[Image-text web data]
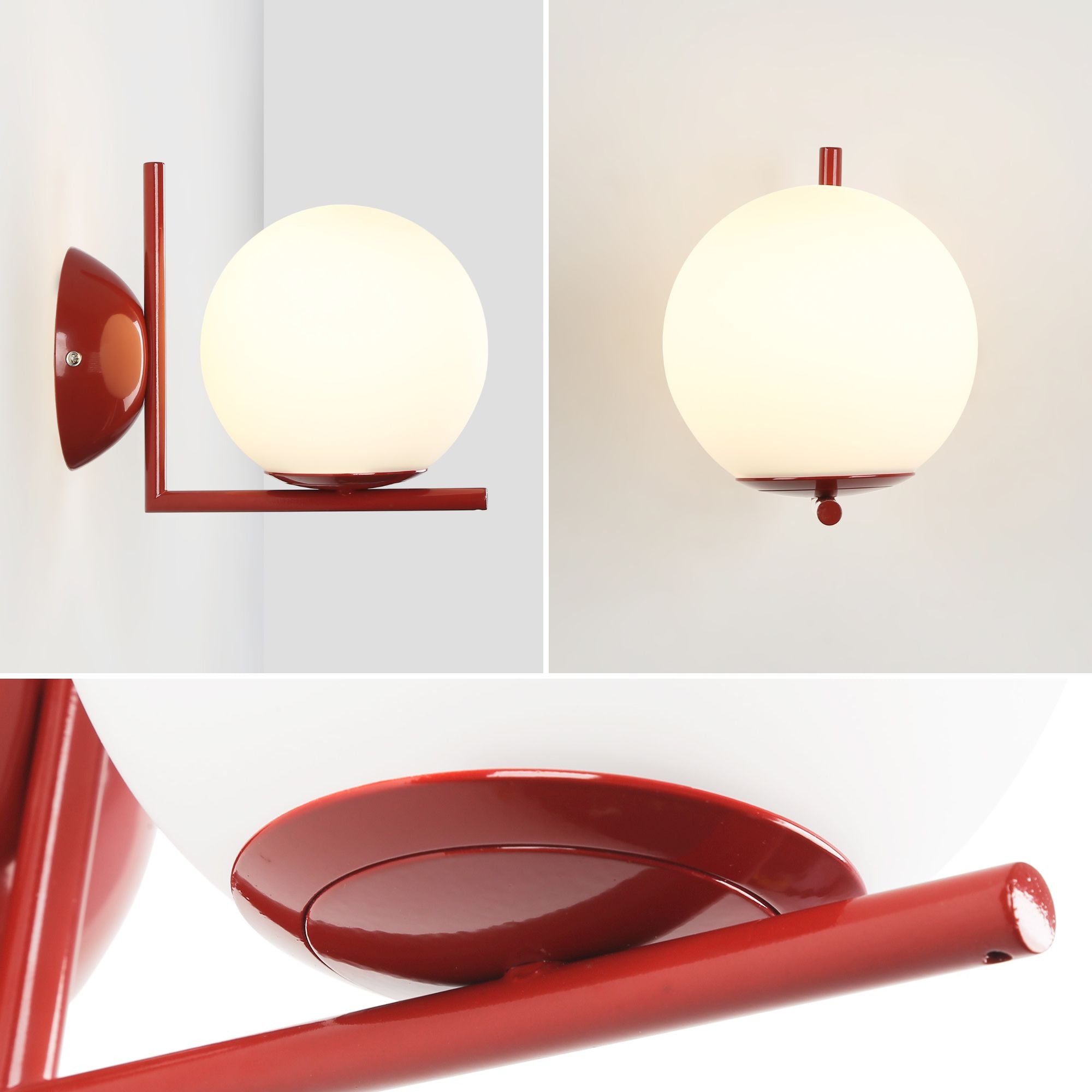 Aplique de pared bola cristal "ATOM" - E27 - Ø 15cm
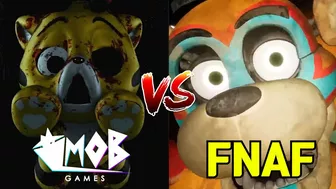 MOB Games VS FNAF | Who's Jumpscare is BETTER? | Poppy Playtime 3 #4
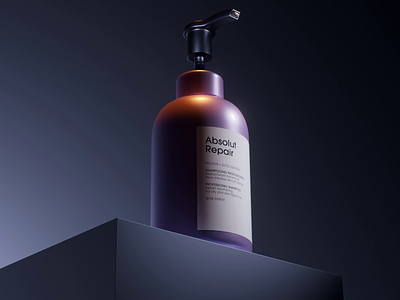 Product_2 3d 3d art animation art design houdini light motion motion design product redshift render shampoo spotlight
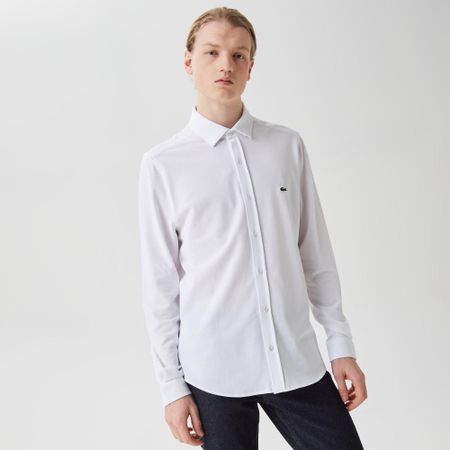 Мужская рубашка Lacoste приталенного кроя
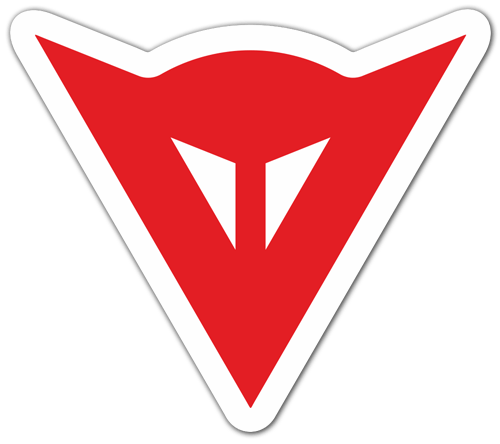 Car & Motorbike Stickers: Dainese Logo red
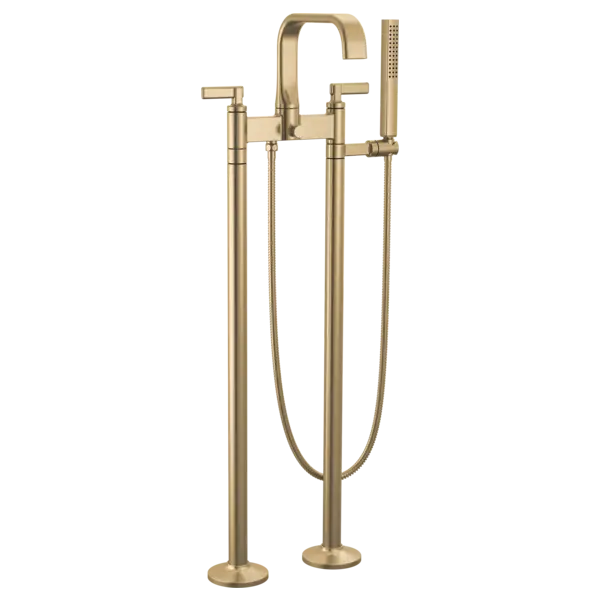 Brizo Two-Handle Tub Filler Trim Kit with Lever Handles T70368-GL - Plumbing Market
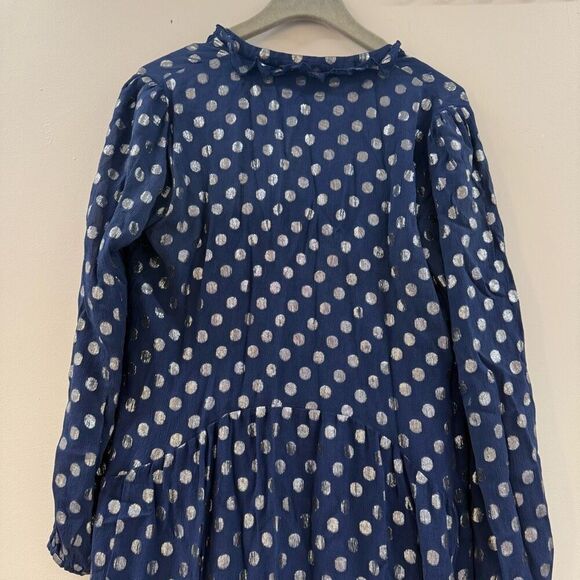 SALONI Navy Dot Tilly Ruffle Dress 💖 - Picture 8 of 9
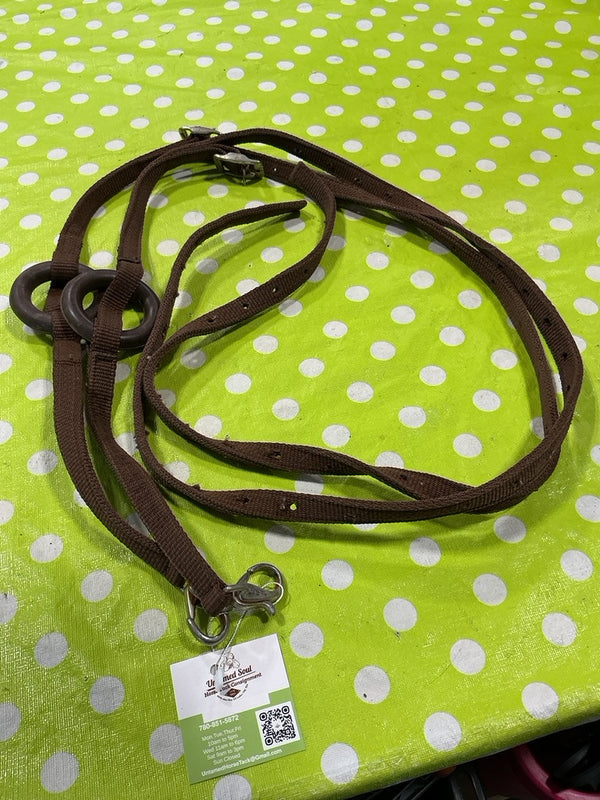 Side Reins – Brown Nylon | Used, Acceptable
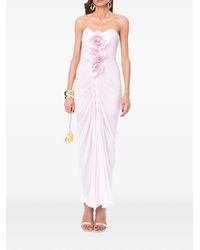 Ana Radu - Orchid Rose Appliqué Gown - Lyst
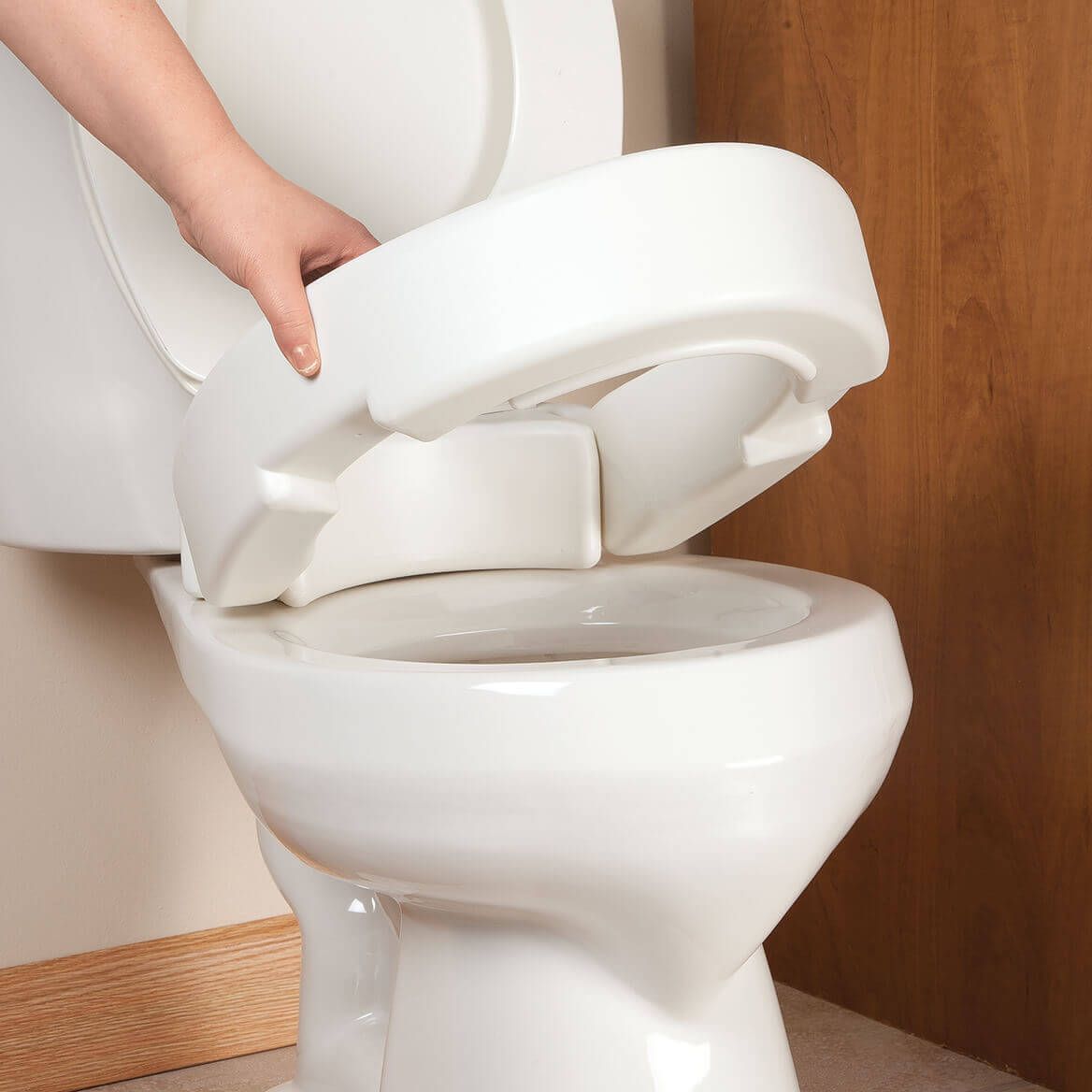 Hinged Toilet Seat Riser-355526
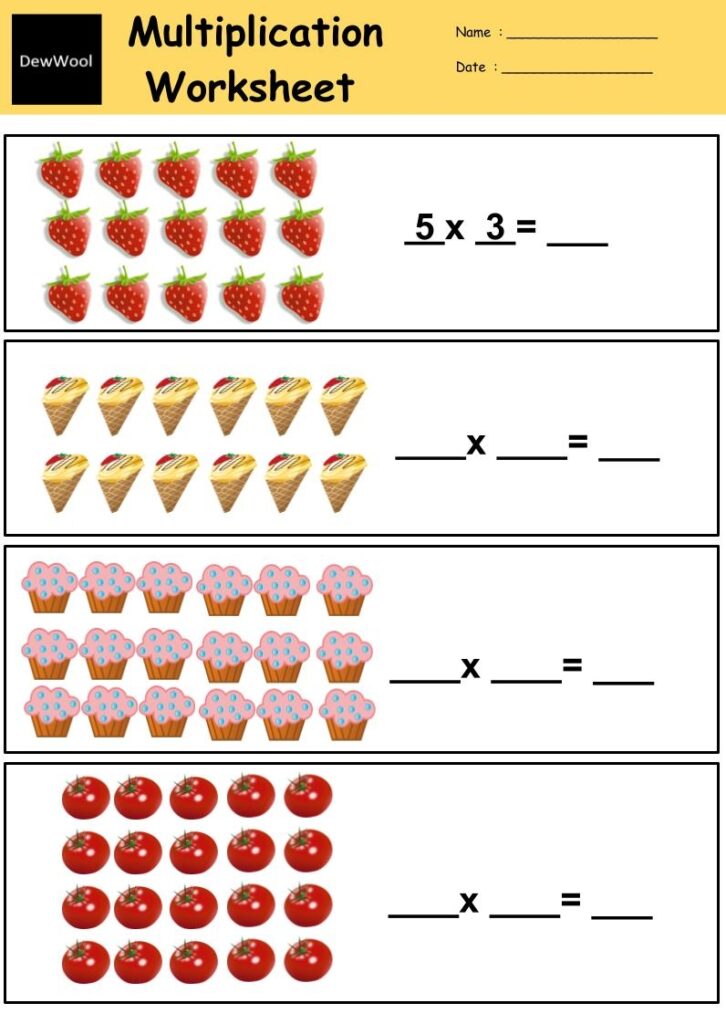 Free Printable Multiplication Worksheets 2nd Grade Worksheets Library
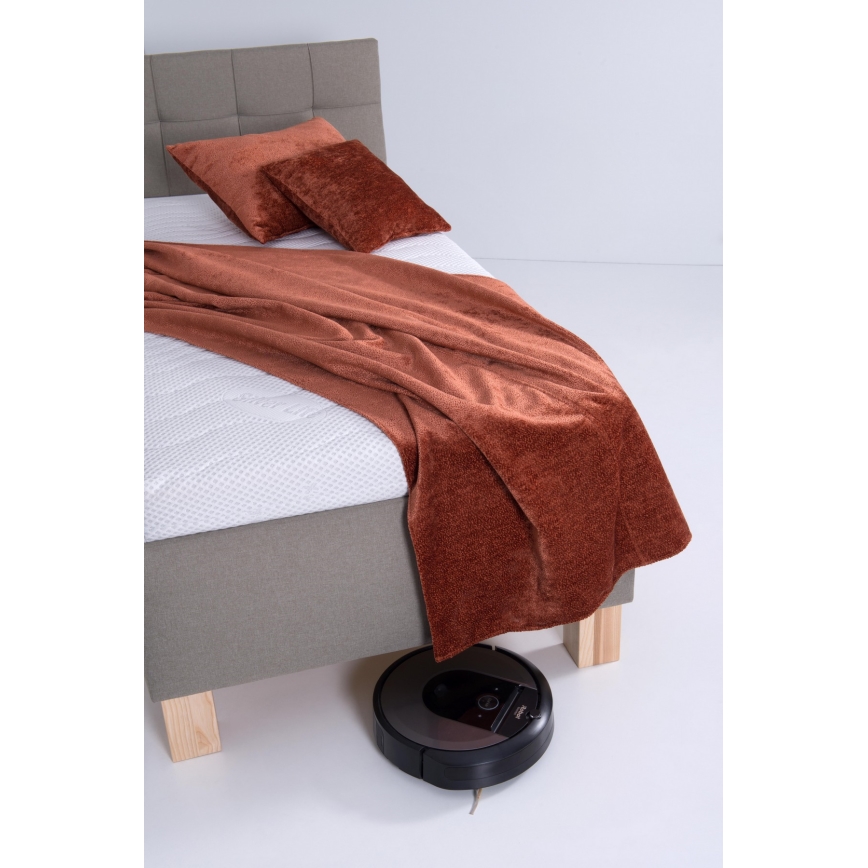 Polsterbett mit Stauraum ohne Matratze MARIA ONE 90x200 cm taupe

### What you need to do
Begin with the first line of the records and repeat every line up to the one with "SALONI Navy Dot Tilly", counting that line too. Pictures are not part of the copy.

### Written reply
 Aplique de pared bola cristal "ATOM" - E27 - Ø 15cm
 MOB Games VS FNAF | Who's Jumpscare is BETTER? | Poppy Playtime 3 #4
 Product_2 3d 3d art animation art design houdini light motion motion design product redshift render shampoo spotlight
 Мужская рубашка Lacoste приталенного кроя
 Car & Motorbike Stickers: Dainese Logo red
 Brizo Two-Handle Tub Filler Trim Kit with Lever Handles T70368-GL - Plumbing Market
 SALONI Navy Dot Tilly Ruffle Dress 💖 - Picture 8 of 9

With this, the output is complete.